## Aim of the exercise
Output exactly the lines below from the one containing "Sun Zero Fellswood" to the last line, both included. Omit pictures.

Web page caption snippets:
.....

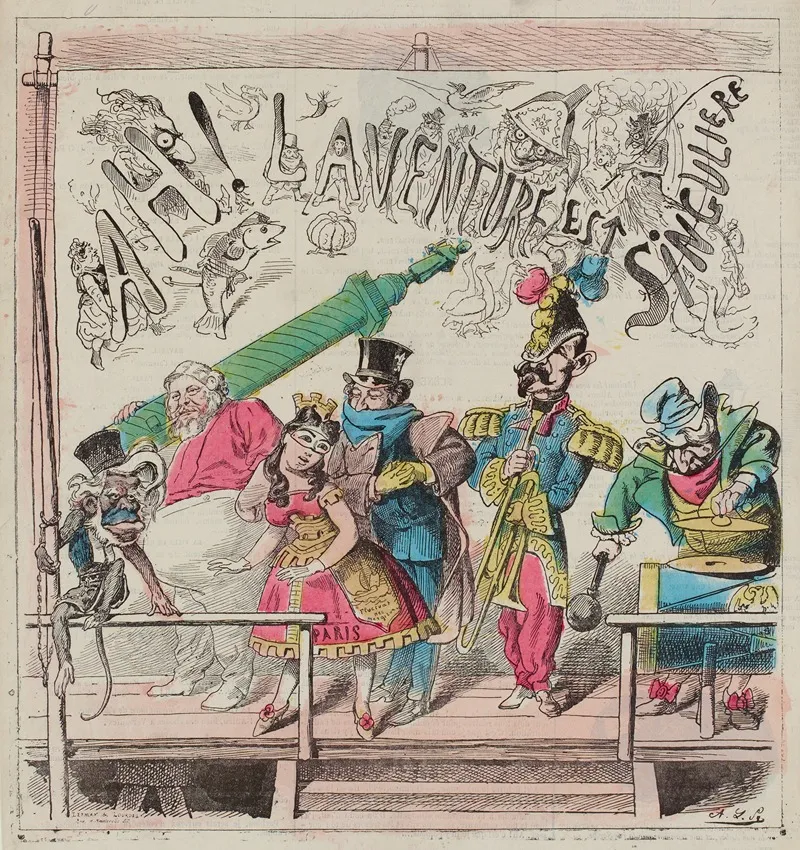 Revue De Lannee 1871 Dzinn Boum Boum
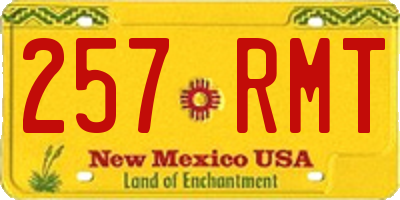 NM license plate 257RMT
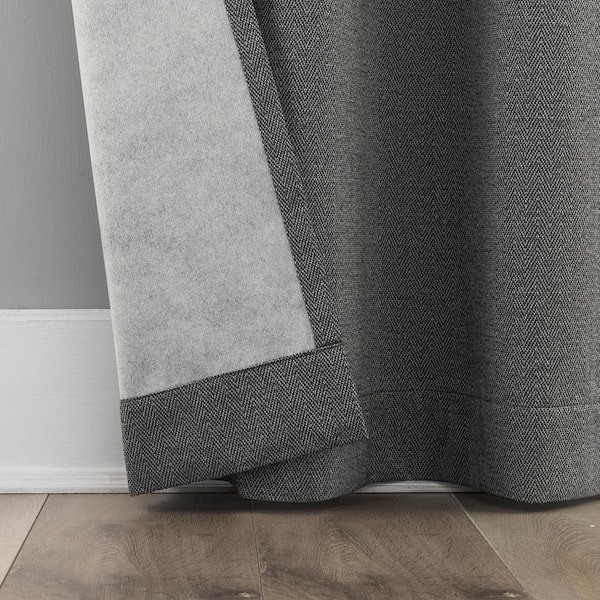 Sun Zero Fellswood Magnetic Closure Graphite Gray Polyester 37 in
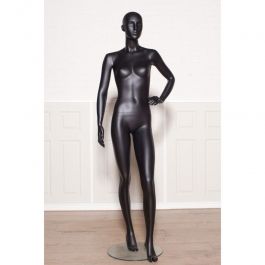 Mannequin abstract  Female mannequin semi abstract face black finish Mannequins vitrine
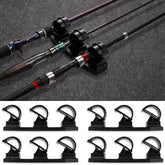 VEYWANE fishing rod rack mounted on boat deck showing secure hold during rough water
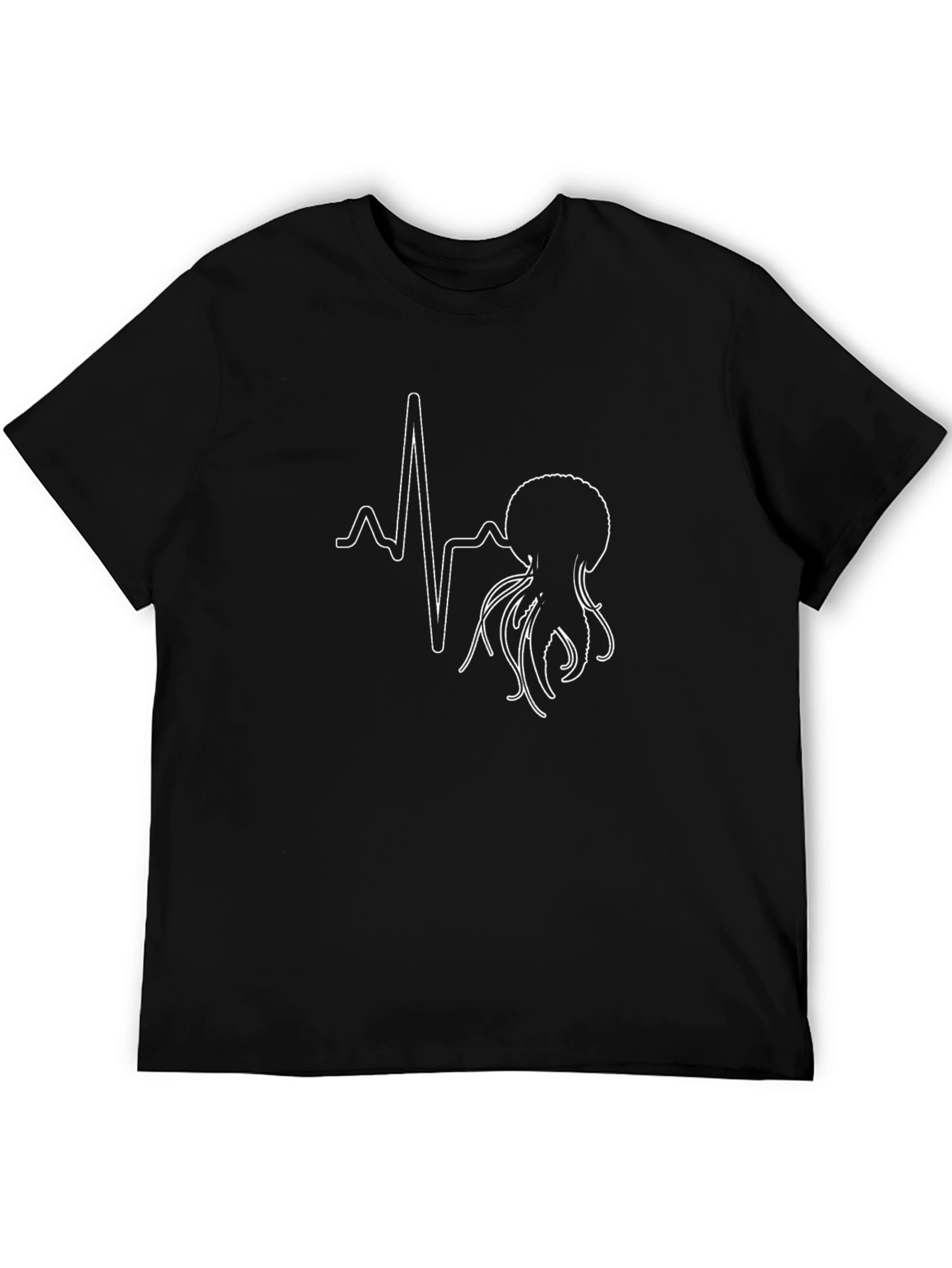 Octopus Heartbeat T-Shirt - Marine Life Tee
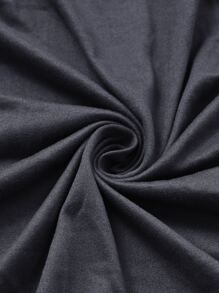 1pc Elastic Low Backrest Bar Stool Cover, Dust And Dirt Proof Protective Low Back Bar Stool Slipcover - Grey - View 4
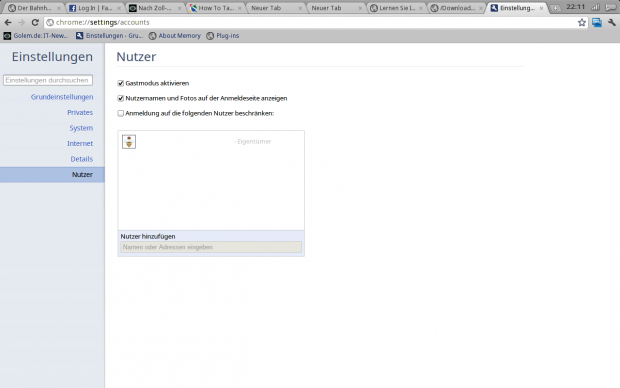 Sonst ist das Betriebssystem sehr einfach aufgebaut.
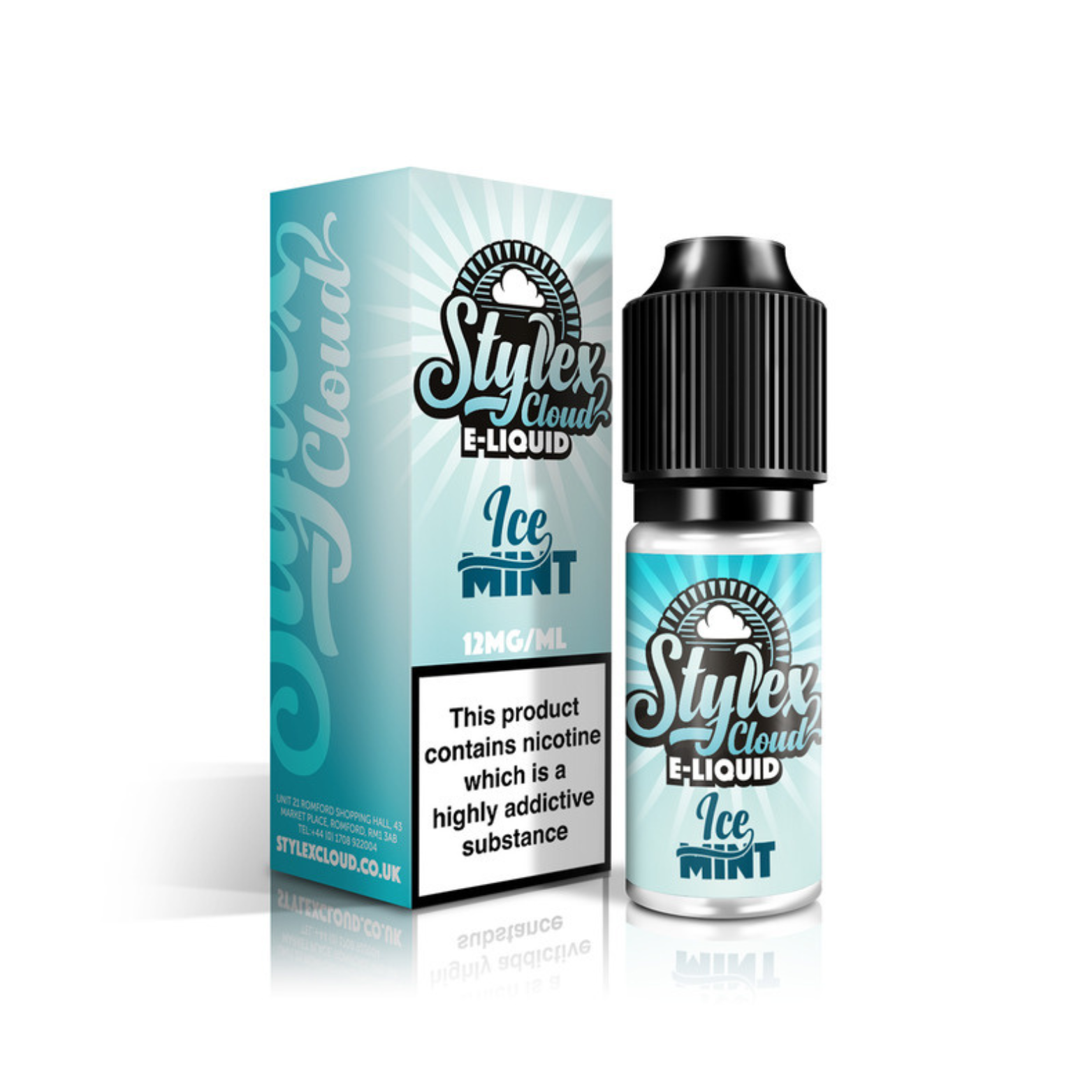 Ice Mint 50_50 10ml E-liquid by Stylex Cloud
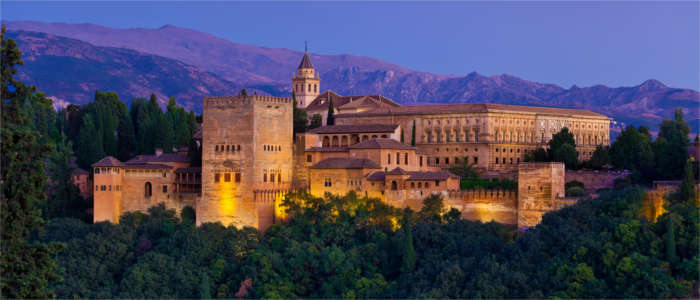 Berühmtes Kulturdenkmal in Granada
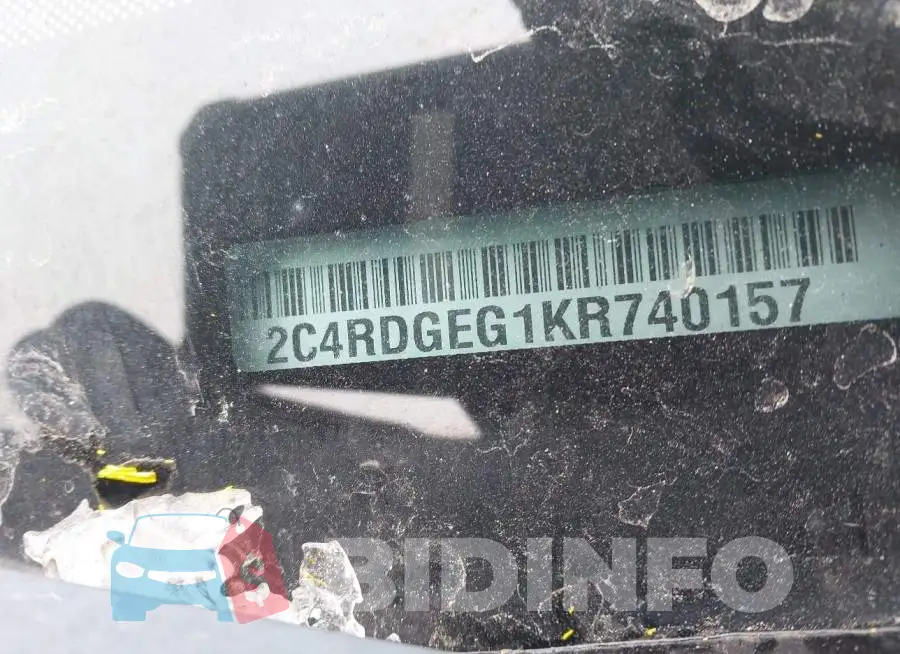 2C4RDGEG1KR740157 Photo# 9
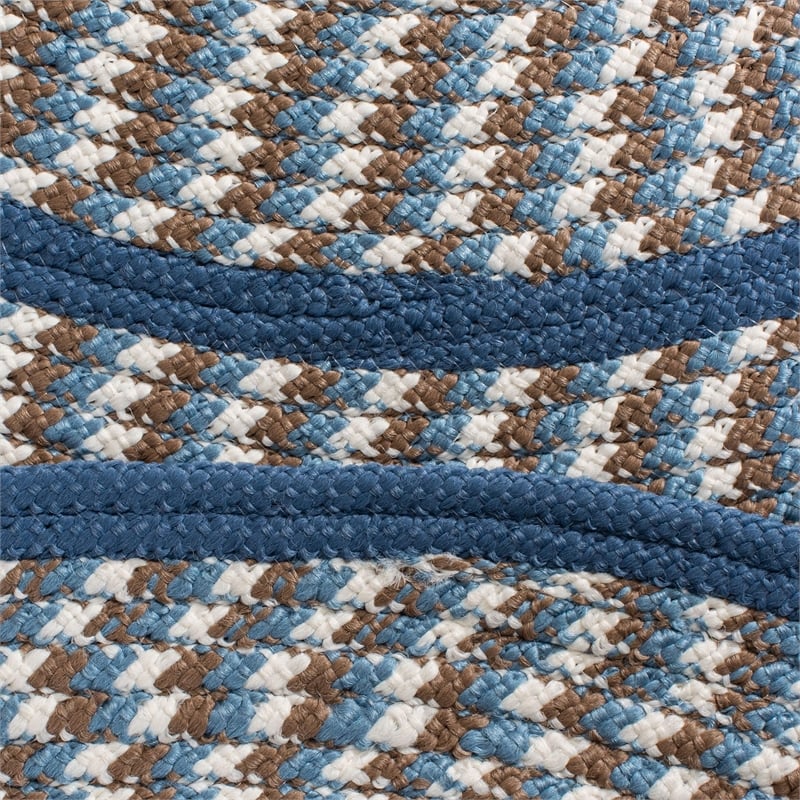 Safavieh Braided Ivory Braided Rug - Round 6'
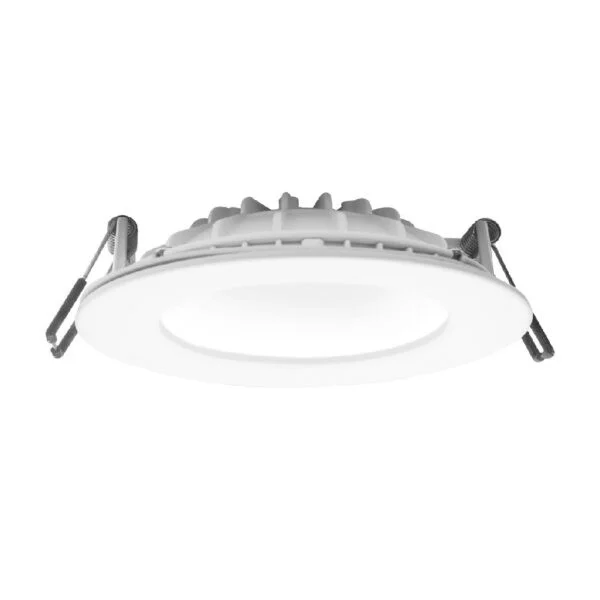 6" Round Indirect Slim Recessed LED, 15W, 5CCT Selectable, White Trim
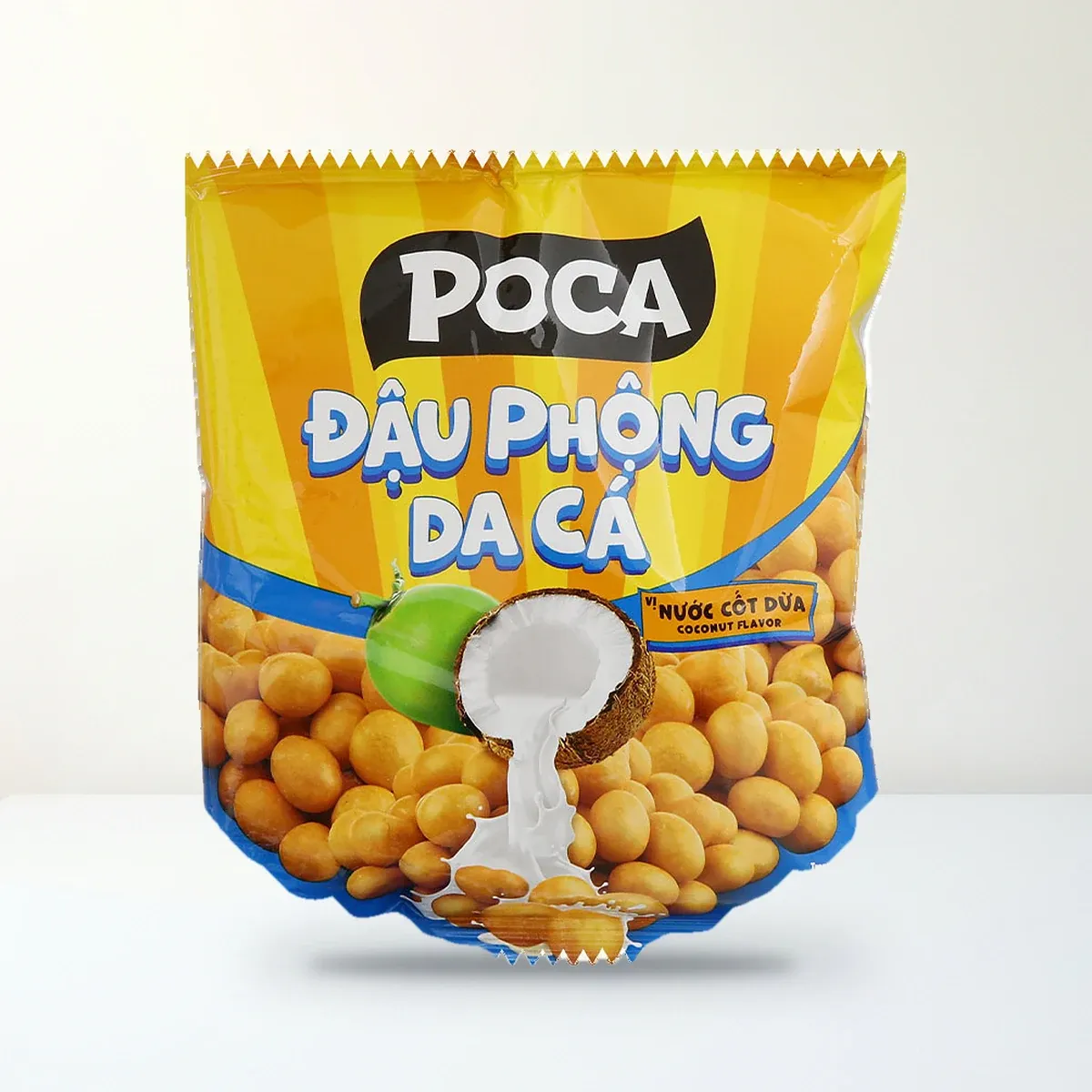 Bao bì mặt trước Đậu Phộng Da Cá Poca Nutz Vị Nước Cốt Dừa Gói 68 g chính hãng Poca Bao bì mặt trước Đậu Phộng Da Cá Poca Nutz Vị Nước Cốt Dừa Gói 68 g chính hãng Poca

.....

## Solved exercise
 Sun Zero Fellswood Magnetic Closure Graphite Gray Polyester 37 in
 Mannequin abstract  Female mannequin semi abstract face black finish Mannequins vitrine
 VEYWANE fishing rod rack mounted on boat deck showing secure hold during rough water
 Octopus Heartbeat T-Shirt - Marine Life Tee
 1pc Elastic Low Backrest Bar Stool Cover, Dust And Dirt Proof Protective Low Back Bar Stool Slipcover - Grey - View 4
 Sonst ist das Betriebssystem sehr einfach aufgebaut.
 Ice Mint 50_50 10ml E-liquid by Stylex Cloud
 Berühmtes Kulturdenkmal in Granada
 2C4RDGEG1KR740157 Photo# 9
 Safavieh Braided Ivory Braided Rug - Round 6'
 6" Round Indirect Slim Recessed LED, 15W, 5CCT Selectable, White Trim
 Bao bì mặt trước Đậu Phộng Da Cá Poca Nutz Vị Nước Cốt Dừa Gói 68 g chính hãng Poca Bao bì mặt trước Đậu Phộng Da Cá Poca Nutz Vị Nước Cốt Dừa Gói 68 g chính hãng Poca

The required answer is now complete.